Dr. Milton Fried of Atlanta, Georgia, insists that he never set out to be a rebel. "I'm very thin-skinned and hate doing anything than exposes me to criticism - BUT - on the other hand, I'd feel worse not doing what I know to be best for patients.
"I was a resident in a New York hospital when a patient with a blue leg and gangrene of the toes and foot, was scheduled for amputation. When he told us he was going to get chelated instead, we warned him that it was bunk, and advised against it. He got chelated anyhow, and weeks later came back with the leg healed, and just lorded it over us.
"The other docs ignored the whole thing, but I thought 'Hey, wait a minute. There's something to this.' I started studying chelation. That was the easy part. Working up the chutzpah to do it was tough. I knew it meant parting company with the 'respectable' docs, taking a lot of flack, jeopardizing my reputation and income. It was a hard decision - but I had to do it.
"I've never been sorry. I got a lot of 'nachis' - that's Yiddish for 'pride and satisfaction." I'll tell you what makes me mad - all the doctors who come to me for chelation when they get sick - or send their wives, friends, relatives - and never let it be known. They tell me, "I wish I had your nerve." I tell them they're gutless wonders."
The history of the Milton Fried Medical Clinic began in 1954, when Dr Fried opened his office in Suffern, NY, to practice Chiropractic, Physical Therapy, Naturopathy and Nutrition. Dr. Fried had a dream that it would be of great benefit to the public to integrate regular medicine with Naturopathy, Chiropractic, Physical Therapy and Nutrition, and from 1954 to 1959, he attempted to interest local MDs in cooperating with him in integrating care of mutual patients. Dr. Fried found much prejudice against anything but standard MD drug therapy in the MD community at that time. There was also immense hostility and ignorance prevalent in the medical community about other, non MD health professions. Dr. Fried decided, finally, that he would integrate medical care the only way possible for him, by becoming an MD.

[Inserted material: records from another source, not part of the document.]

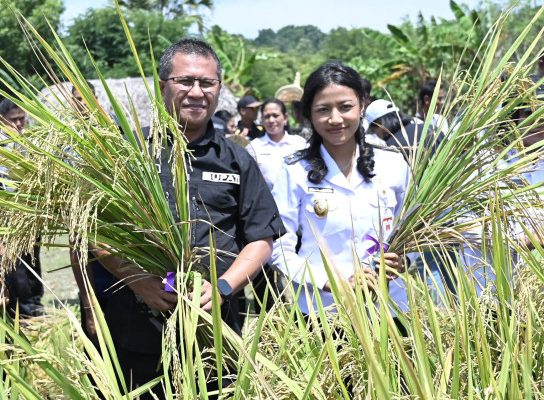 Panen Perdana, Tekad Pertama: Membaca Arah Kepemimpinan Baru Kabupaten Kupang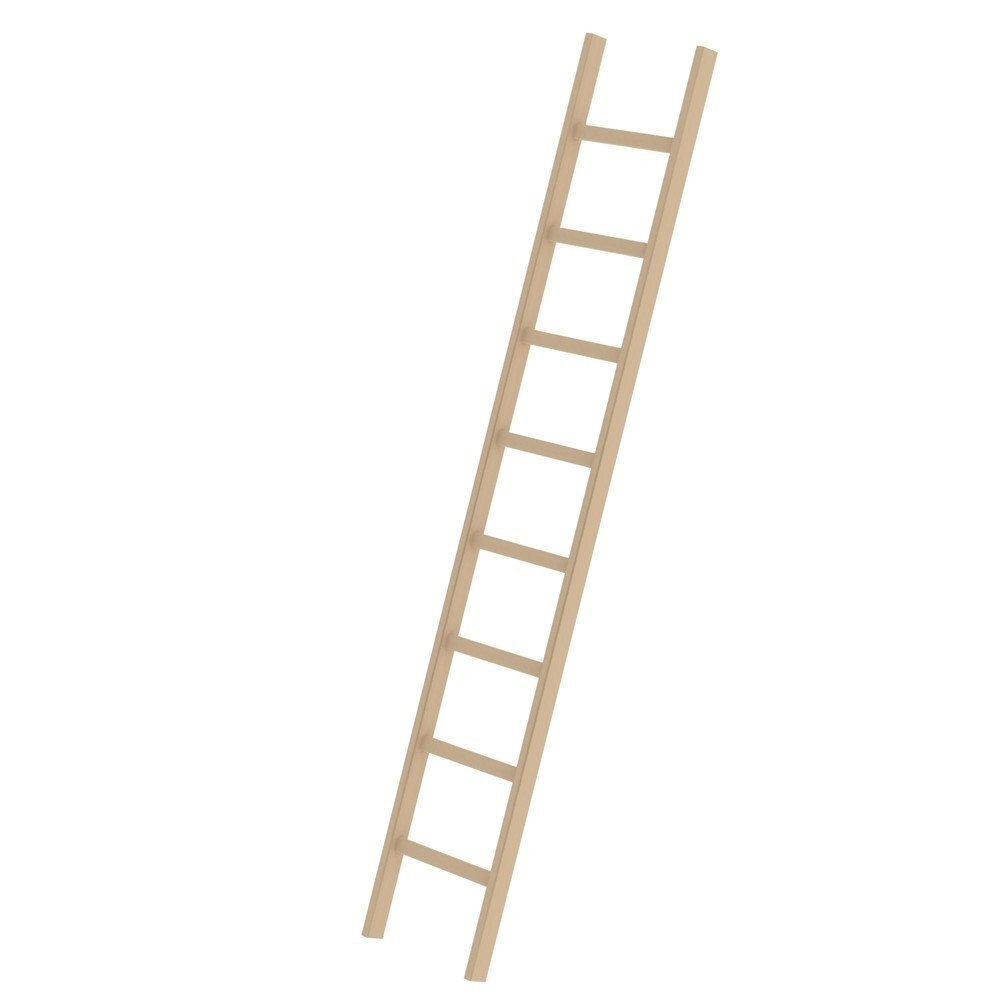 Produktabbildung Nr. 1: Munk Sprossen-Anlegeleiter Holz ohne Traverse 8 Sprossen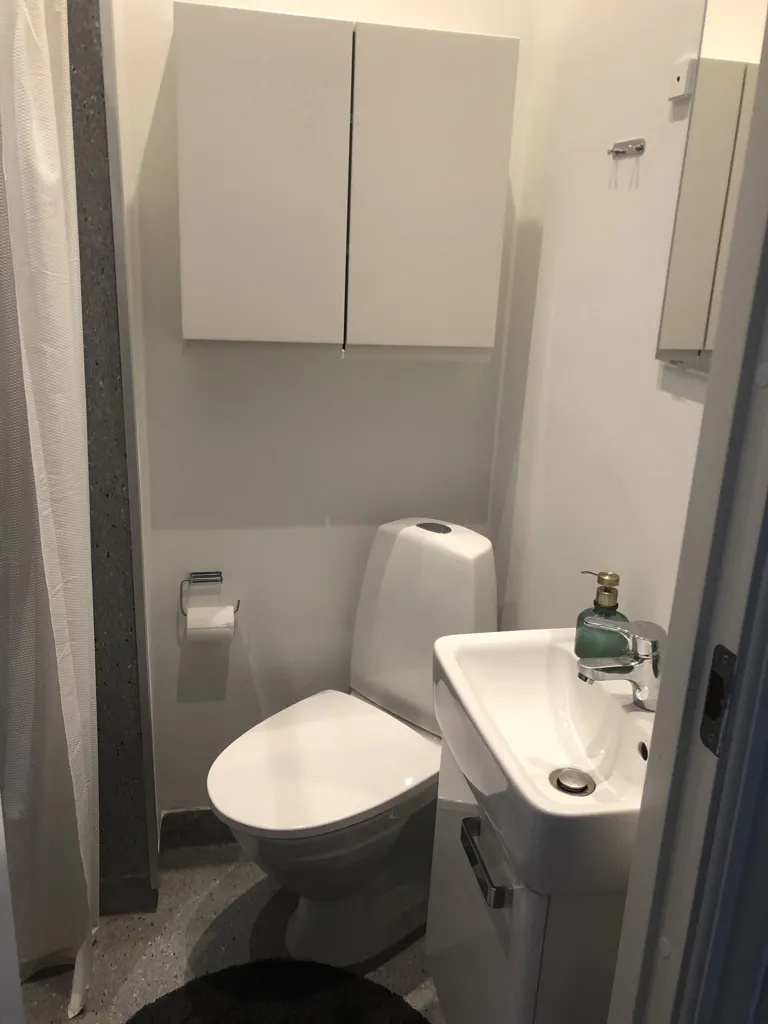 Bathrooms - Renovated 2-Bed Flat in Old Town Middelfart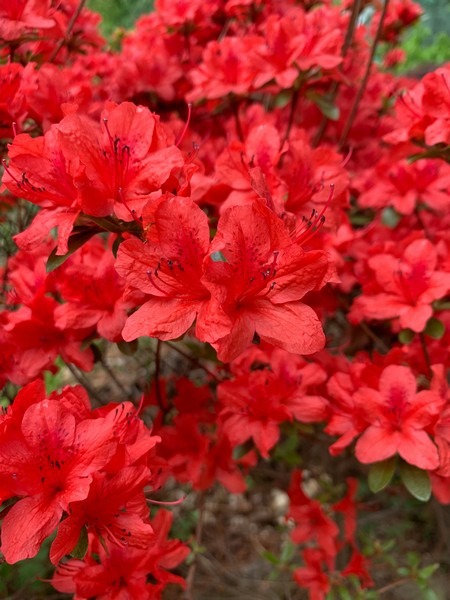 Jangheung Botanical Garden (장흥자생수목원), Jangheung, Yangju, Gyeonggi-do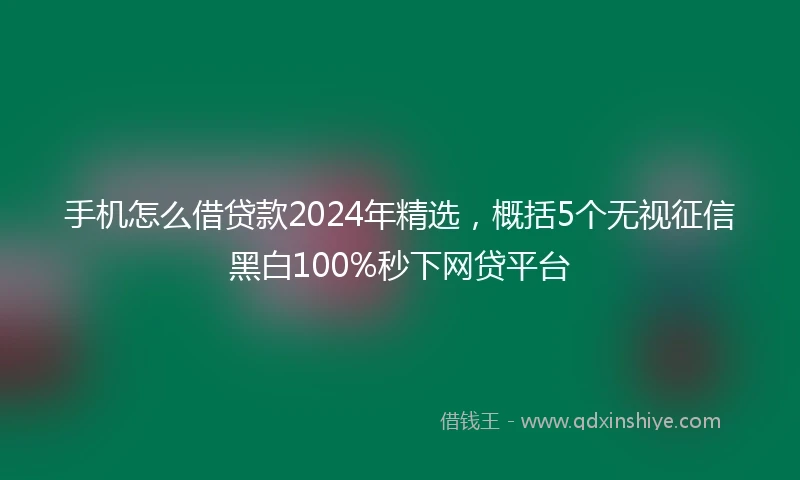 手机怎么借贷款2024年精选，概括5个无视征信黑白100%秒下网贷平台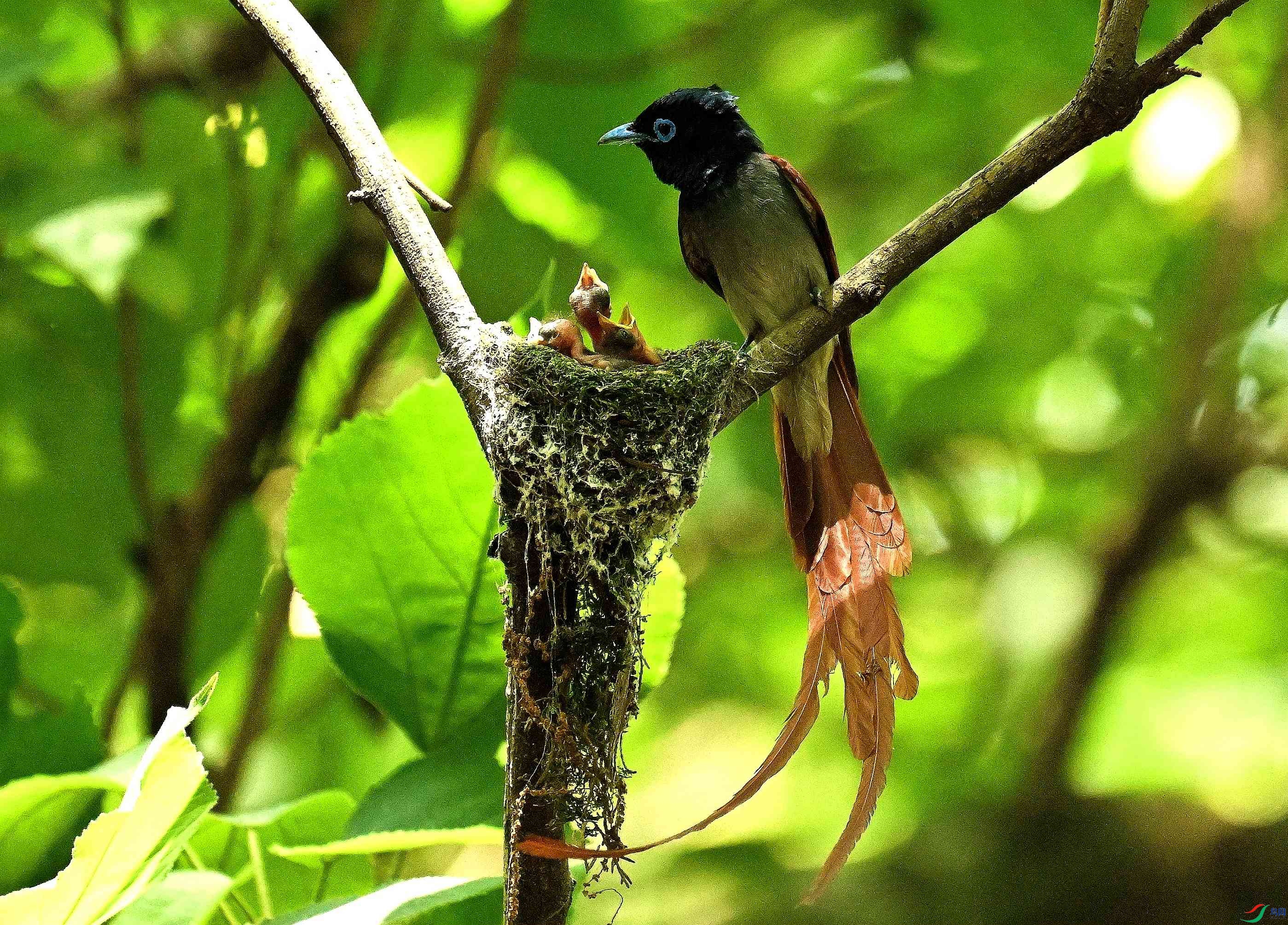 DSC_2582.JPG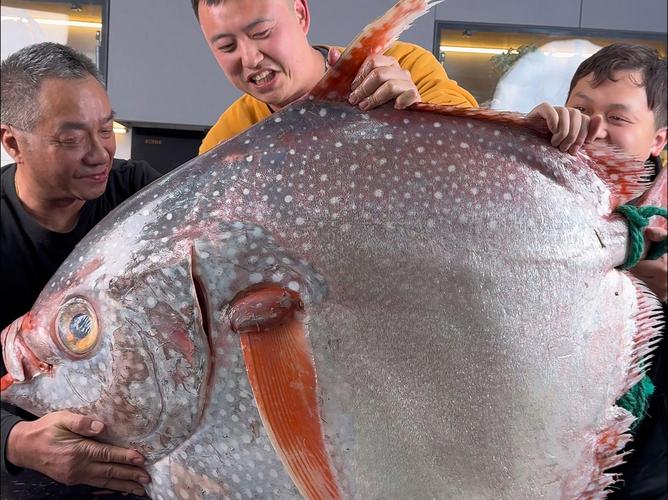 月亮尾巴的魚_月亮形狀的魚_請問尾巴是月亮的魚叫什么名字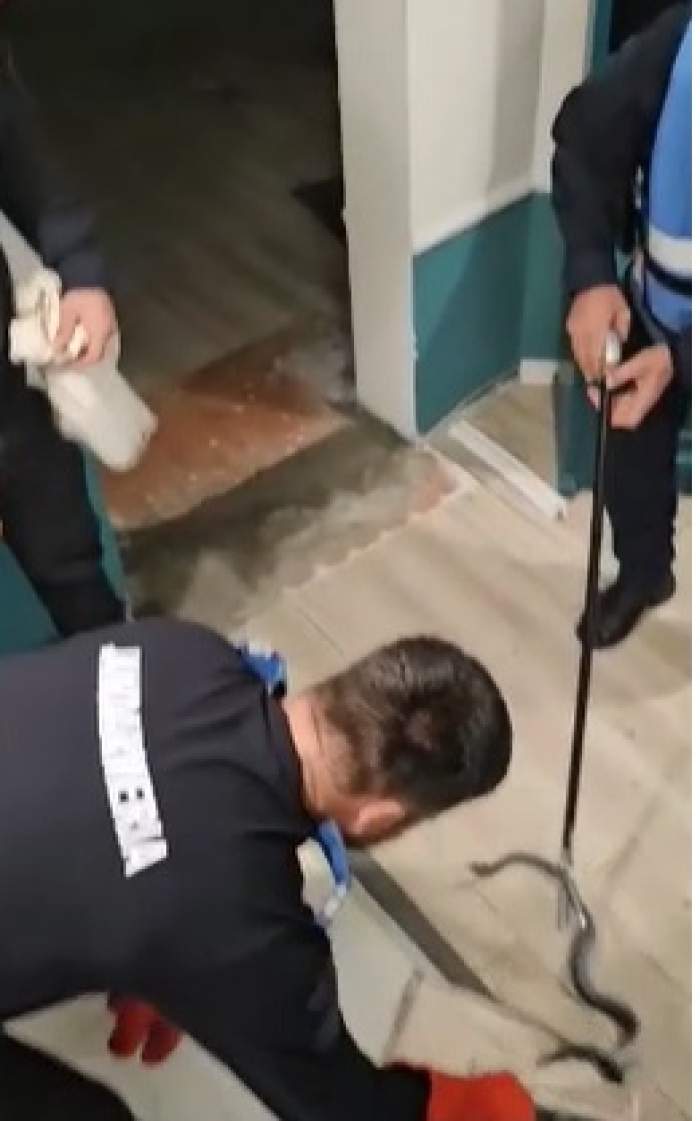 Imagini șocante în centrul Bucureștiului! Un piton a evadat aproape de Catedrala Neamului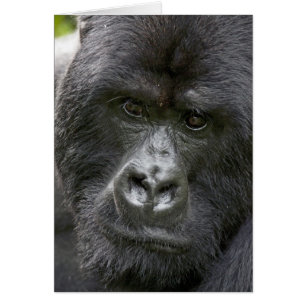 Volcanos NP, Rwanda, Gorilles de montagne,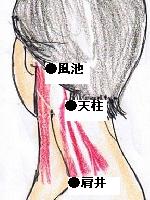 画像の代替テキスト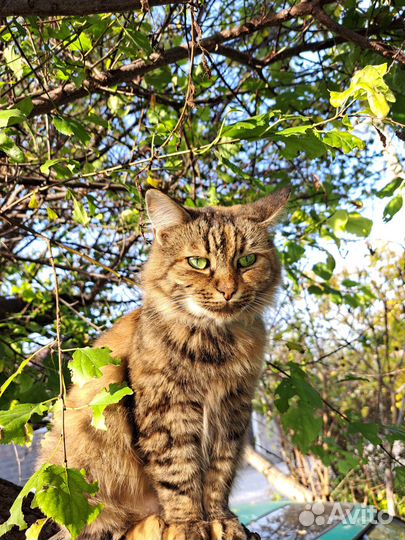 Кошечка в добрые руки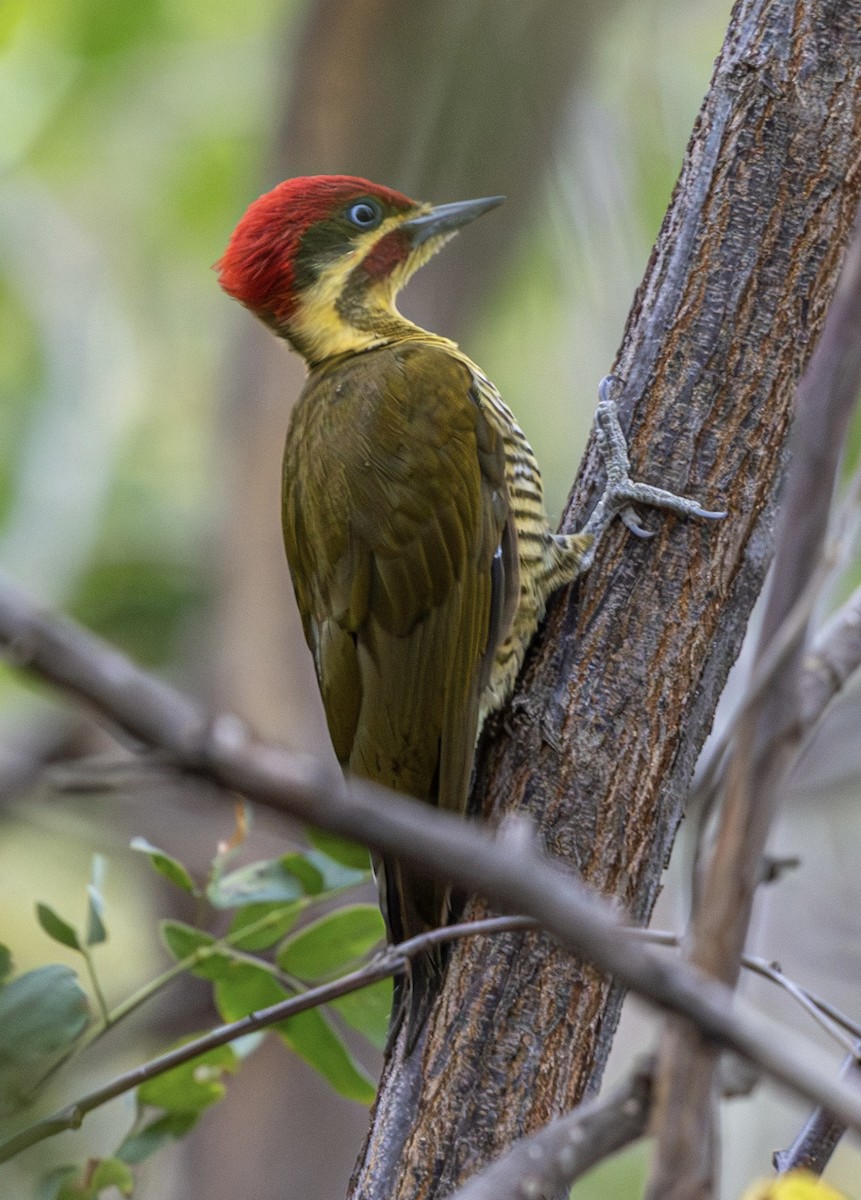 モリゲラ - ML643899087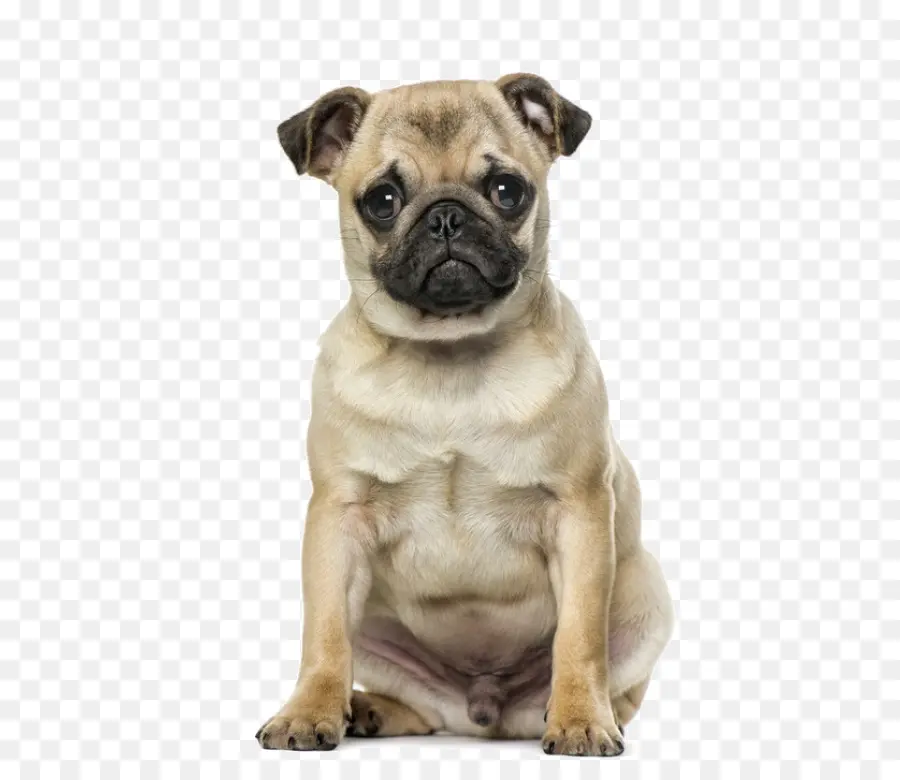 Cachorro Pug，Lindo PNG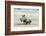 White Rhinoceros Mother with Calf, Kenya-Martin Zwick-Framed Photographic Print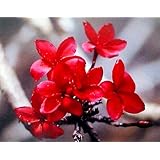 Hawaiian Red Plumeria Plant Cutting ~ Grow Hawaii by Kanoa Hawaii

That was easier said than done, but with the help, sacrifice, and encouragement of his wife, Annie, Dr. Fried attended Medical School, completed his MD training and post graduate medical training, and opened, in 1965, what we believe to have been the first, and is today the longest operating Complementary, Alternative, and Integrative Medicine Clinic in the USA. He passed away September 28, 2010.